To this day, Verizon’s device is stuck on Android 4.0.2 and it hasn’t been upgraded since it launched on December 15th, or 140 days if you are counting. The good news is that the newer Android 4.0.4 includes over 100 changes and fixed most of the problems reported above.
Google had some issues getting out Android 4.0.4 to some of their Nexus devices, but they finally started pushing it out last month. Verizon has been testing this Android 4.0.4 update since February, but they have yet to approve it and roll it out to their subscribers.
Is the CDMA Galaxy Nexus for Verizon and Sprint a “fake” Nexus?
Some people saw this problem coming.

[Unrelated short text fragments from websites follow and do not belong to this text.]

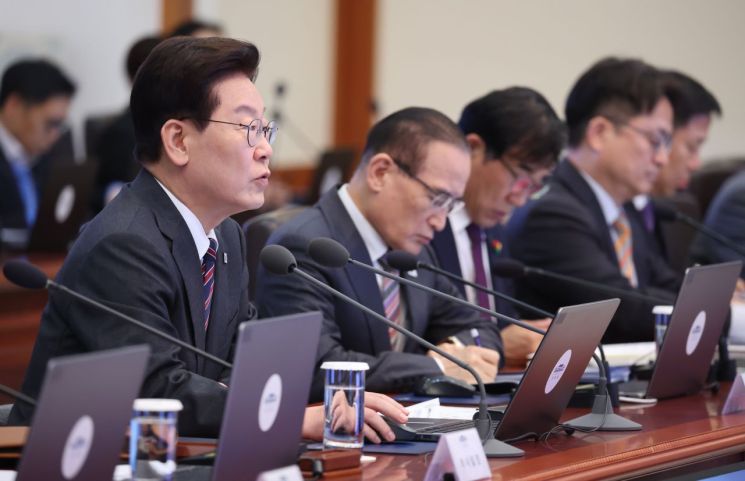 이재명 대통령이 22일 청와대에서 열린 수석보좌관회의에서 발언하고 있다. 2026.10.22 연합뉴스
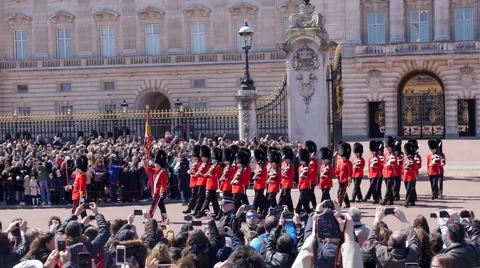 Changing the guard at Buckingham Palace Stock Footage 63312572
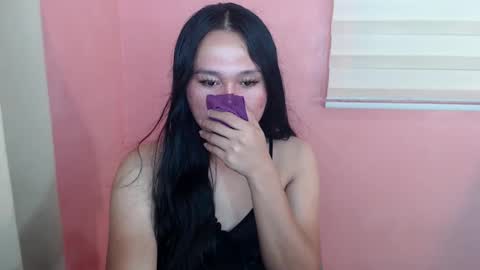 Hi im Avah online show from February 9, 5:43 pm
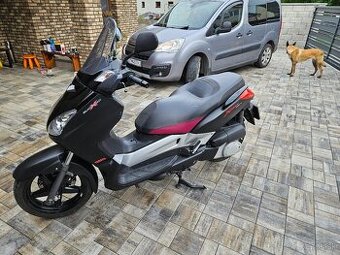 Yamaha x max 250i - 1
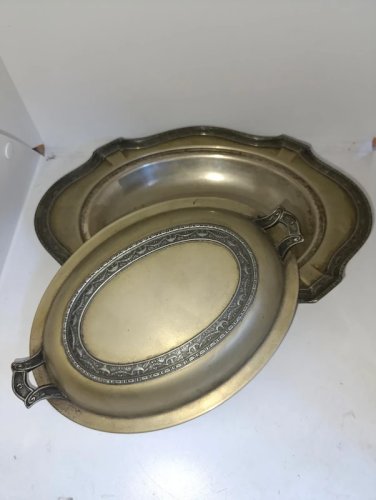 beau légumier en metal argente travaillé portant un poincon a determiner en bon etat mais à nettoyer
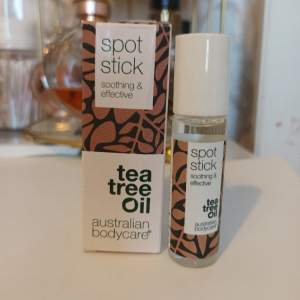 Australian Bodycare Tea Tree Oil Spot Stick - Tea Tree Blemish Stick for Spots, pimples, Oily and Acne Prone Skin. Contains high Pharmaceutical Grade Australian Tea Tree Oil, 9ml Säljer pga inte använda den.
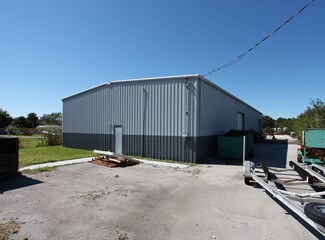 Plus de détails pour 4527 S US-1 Hwy, Fort Pierce, FL - Industriel/Logistique à louer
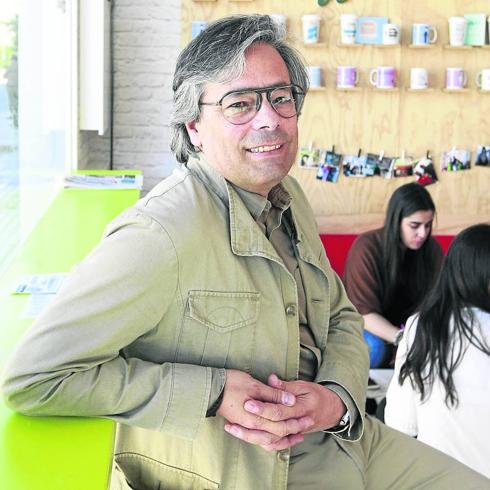 El abogado Julio de la Torre durante la entrevista llevada a cabo en el bar Coffe Corner.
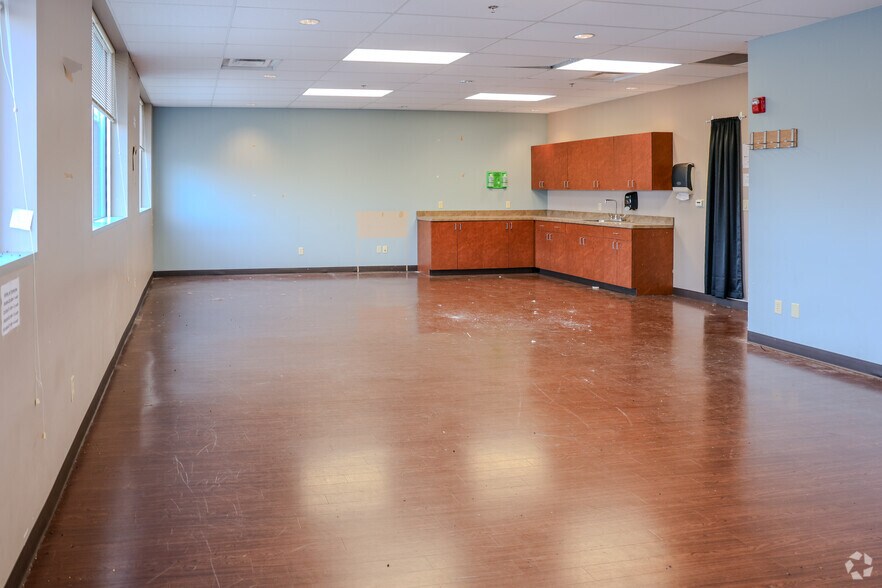 More Photos Of 18780 E Bagley Rd, Middleburg Heights Unknown For Lease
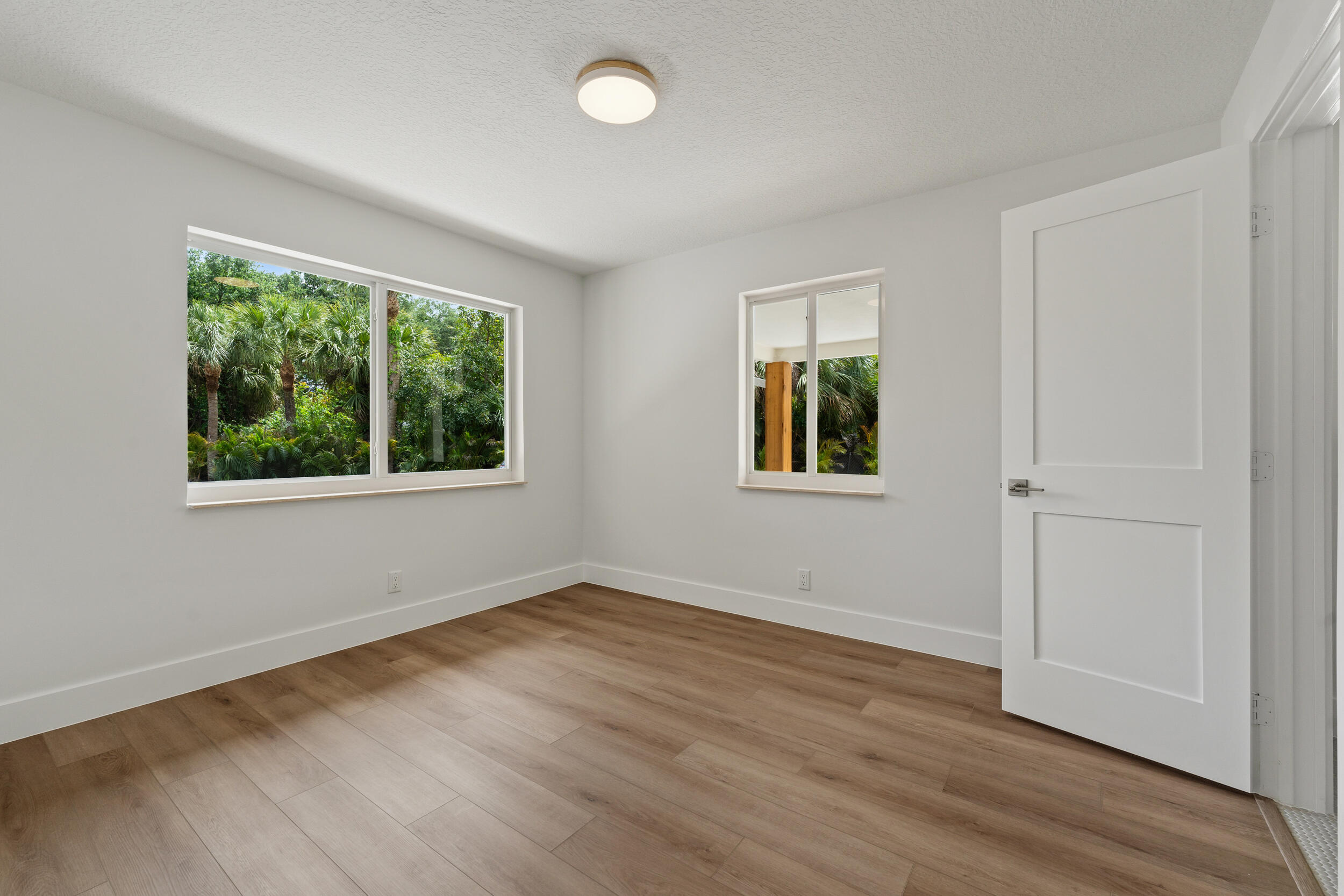 SQUARE LAKE - Residential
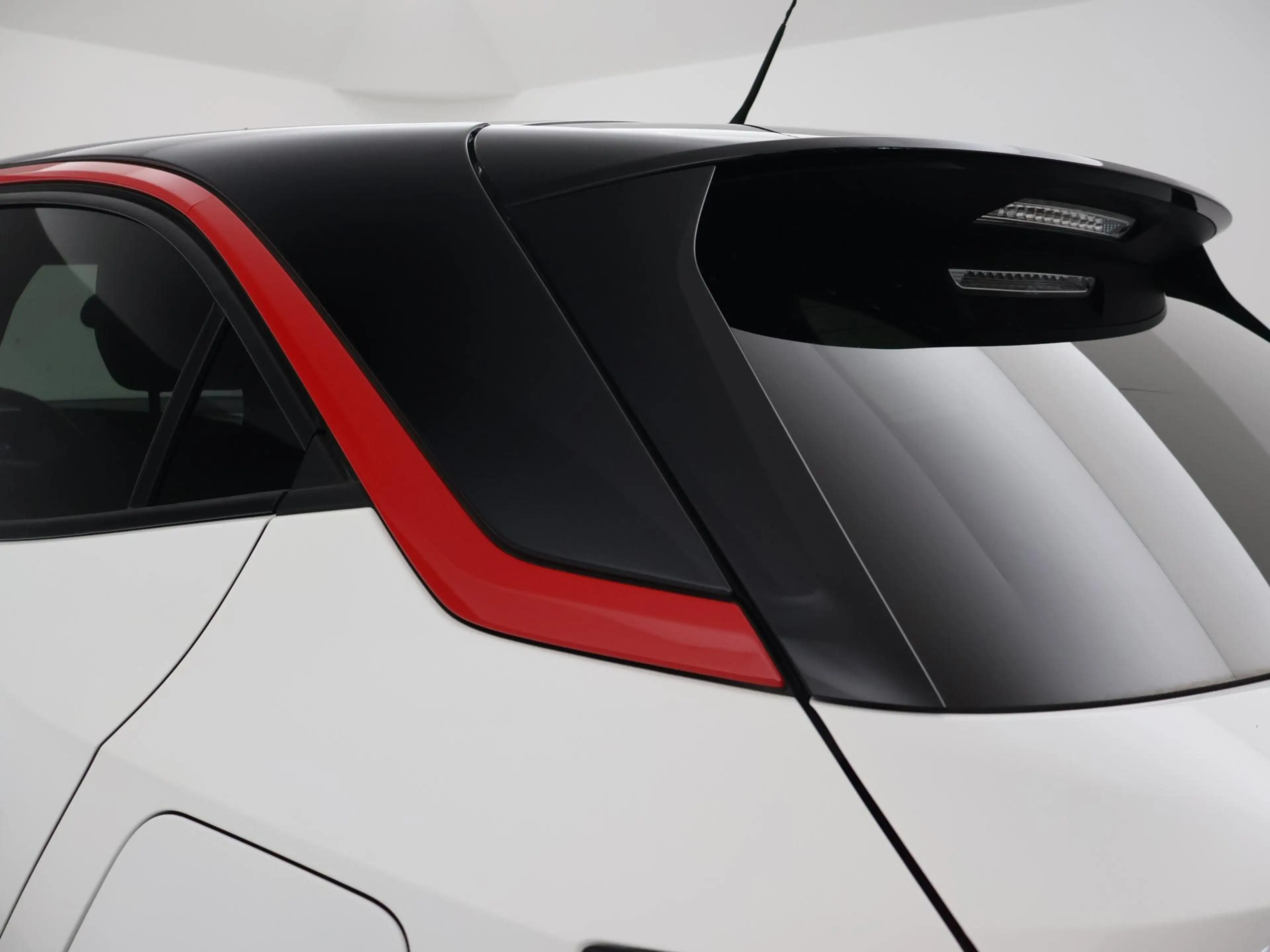 Opel Mokka-E GS LINE 50 KWH 3-FASE + SPORTSTOELEN | CAMERA | ST — photo 18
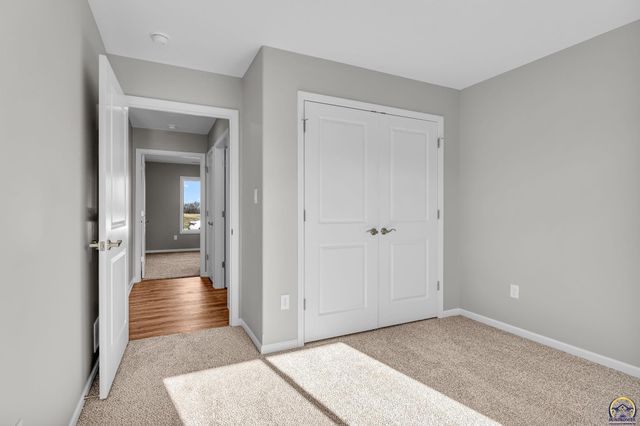 727 Teresa Ct, Carbondale, KS 66414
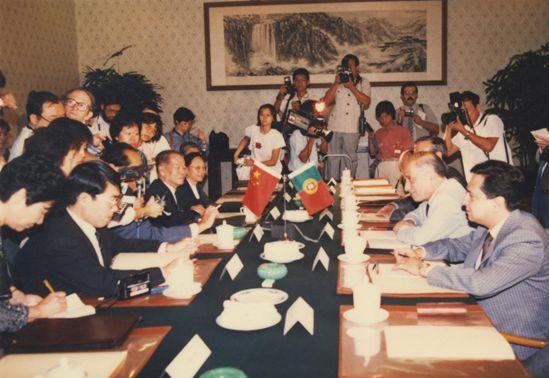 中葡双方就澳门回归问题开启谈判,南光公司总经理柯正平以中方代表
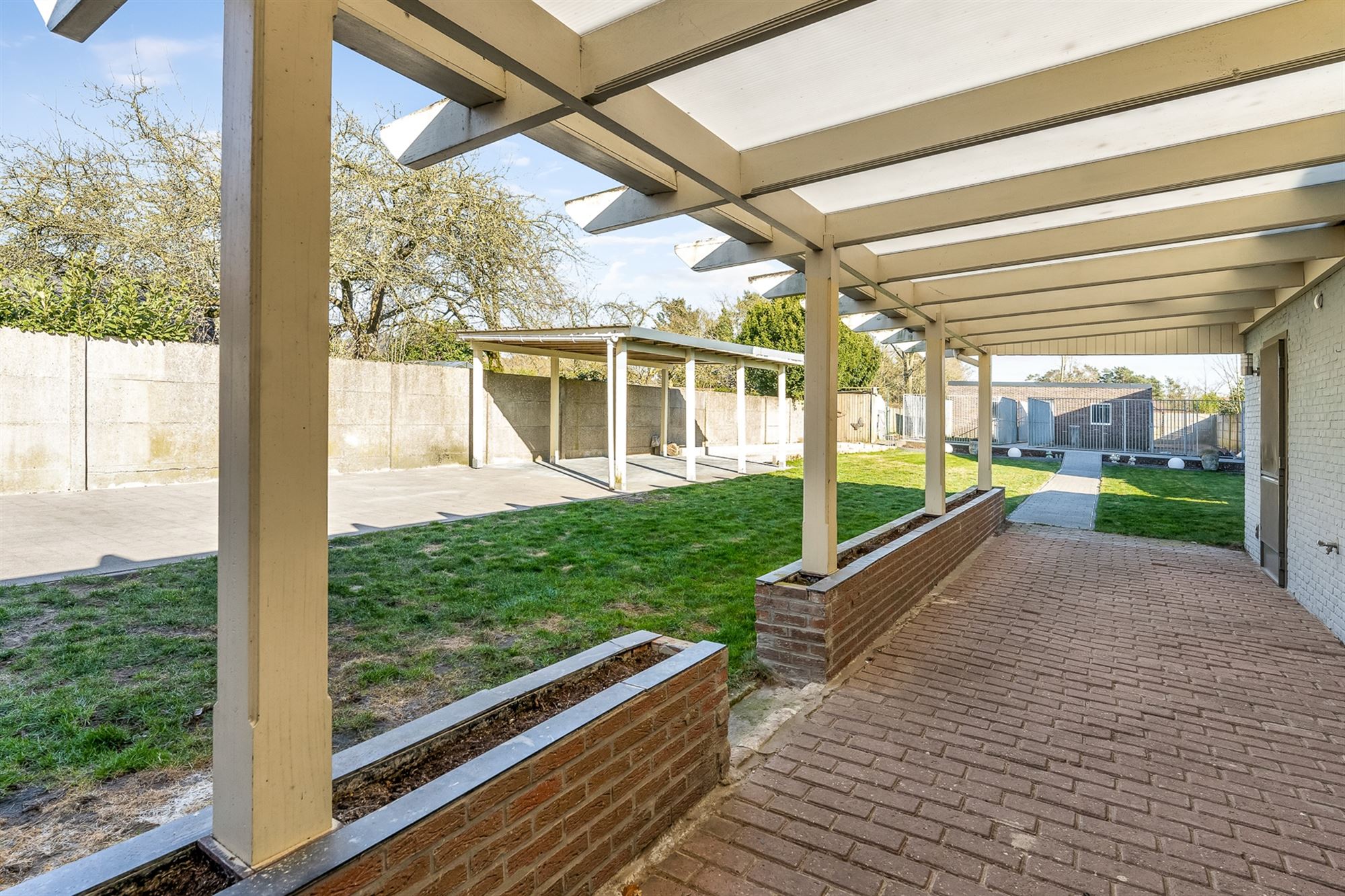 GERENOVEERDE TWEEWOONST foto 36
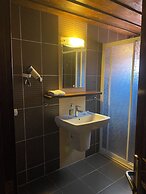 Akropolis Hotel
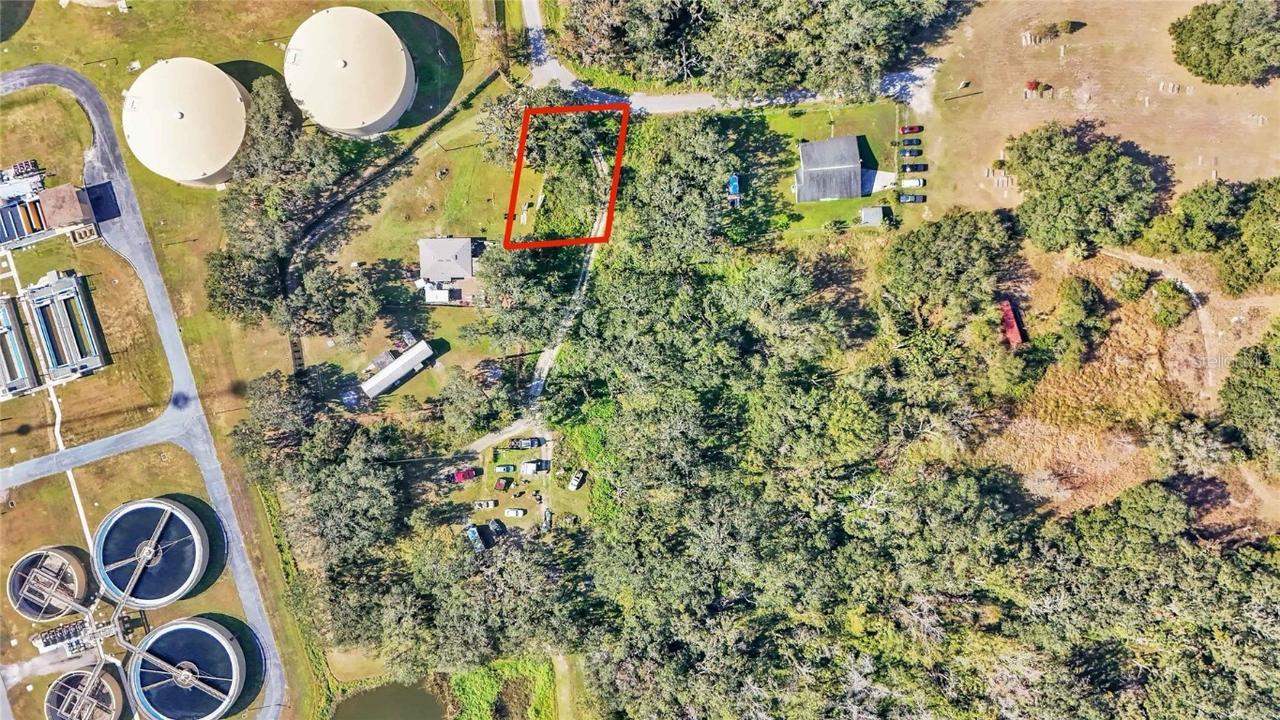 Arnaz Dr., Mulberry, FL 33860
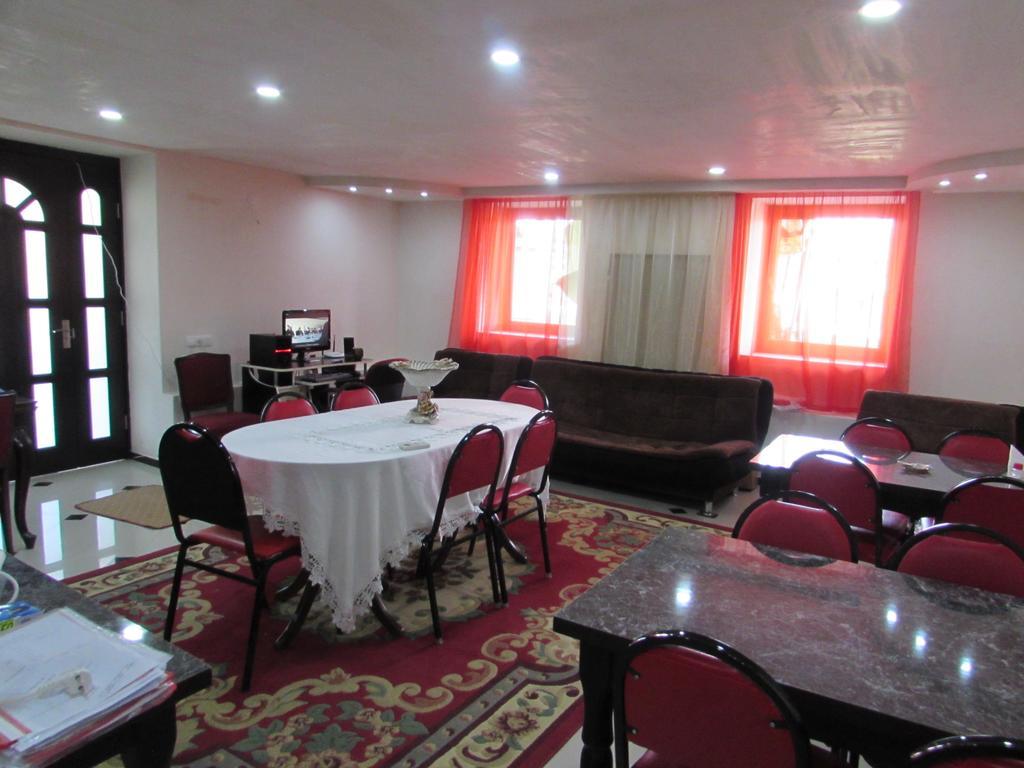 Guest House Nona คูทายสิ ภายนอก รูปภาพ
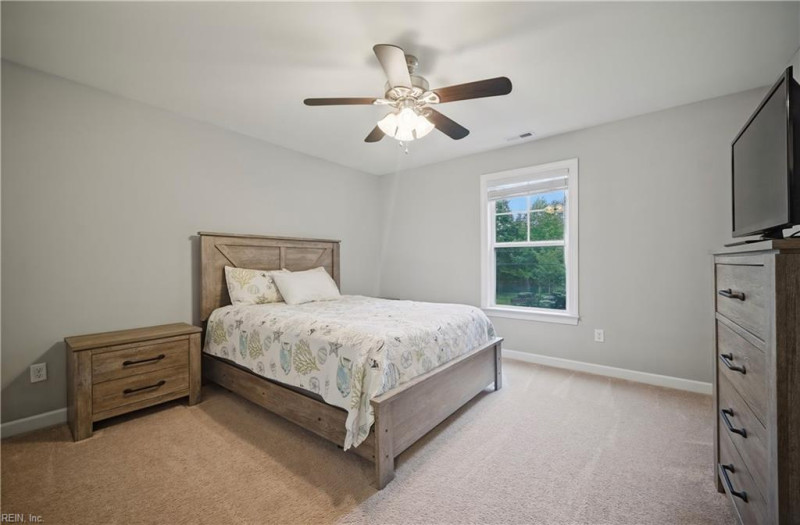 Photo 17 of 42 residential for sale in Virginia Beach virginia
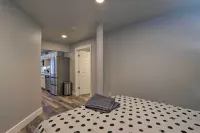 Modern Anchorage Getaway, Steps from Coastal Trail - spa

Engadget editor Myriam Joire dubbed the Verizon Galaxy Nexus as the “#fakeNexus” and predicted it would not receive updates on the same schedule as the GSM Galaxy Nexus.
Early this year the CDMA Galaxy Nexus disappeared from the Android Open Source Project (AOSP) page. Google’s Dan Morrill explained that certain .apk files needed to be signed by the carrier so “pure AOSP builds running on these devices can’t place calls, access mobile data, and so on.”
At this point, I’m not really sure what the Nexus brand stands for anymore. Initially, we thought of Nexus phones as reference devices for developers so they could test their apps on the latest version of Android. But then Verizon came along and started selling the Galaxy Nexus in stores as a consumer device.
Now Google’s own Jean-Baptiste Queru says, “”The Nexus name is related to the consumer experience, and has nothing to do with AOSP support.” The only problem with that definition is that customers on Verizon and Sprint with the Galaxy Nexus will not be receiving the same consumer experience as those with the GSM version on other carriers.
What’s the hold up Verizon?
So do Verizon customers with a Galaxy Nexus actually have a right to complain? Some could say they are lucky to be on Android 4.0.2, while around 97% of Android devices are still stuck with older versions of Google’s mobile OS.
For now, there is not much that Verizon subscribers can do except sit and wait. There is a leaked testing build of Android 4.0.4 that some users have flashed onto their devices, but I decided to stick with the official build so that I could get the same experience that most Verizon users are facing.
We have reached out to Verizon multiple times to see if they had any news on the Galaxy Nexus update, but we have yet to receive a response. I know that Android updates are a touchy subject for most carriers, but it would have been nice to get an honest answer, even if that means a couple more months of waiting.
Don’t say “I told you so”
The Verizon haters out there will probably laugh at these kinds of reports and say that Galaxy Nexus owners are getting what they deserve. “The Galaxy Nexus is an over-hyped piece of plastic.” “You should have known that Verizon would never give full control of a device to Google.” “The Nexus was made for hacking you n00b. Shut up and flash it.” “Sprint’s version shipped with Android 4.0.4 lol!”
I still love my Galaxy Nexus and I have no plans to give it up anytime soon. However, I have been disappointed with how Verizon handled the launch and with the lack of support the device has received since it hit stores.
Verizon has tarnished the Nexus brand, and some users will never look at it the same. I know it is still Verizon’s responsibility to update this device, but I wish Google would step in and do something to help their most loyal supporters.
For all we know, Verizon could start pushing out the update later this week. In the mean time, I’ll just keep cursing them under my breath every time my damn phone reboots when I’m trying to use it.
It’s time to end the public smartphone beta test.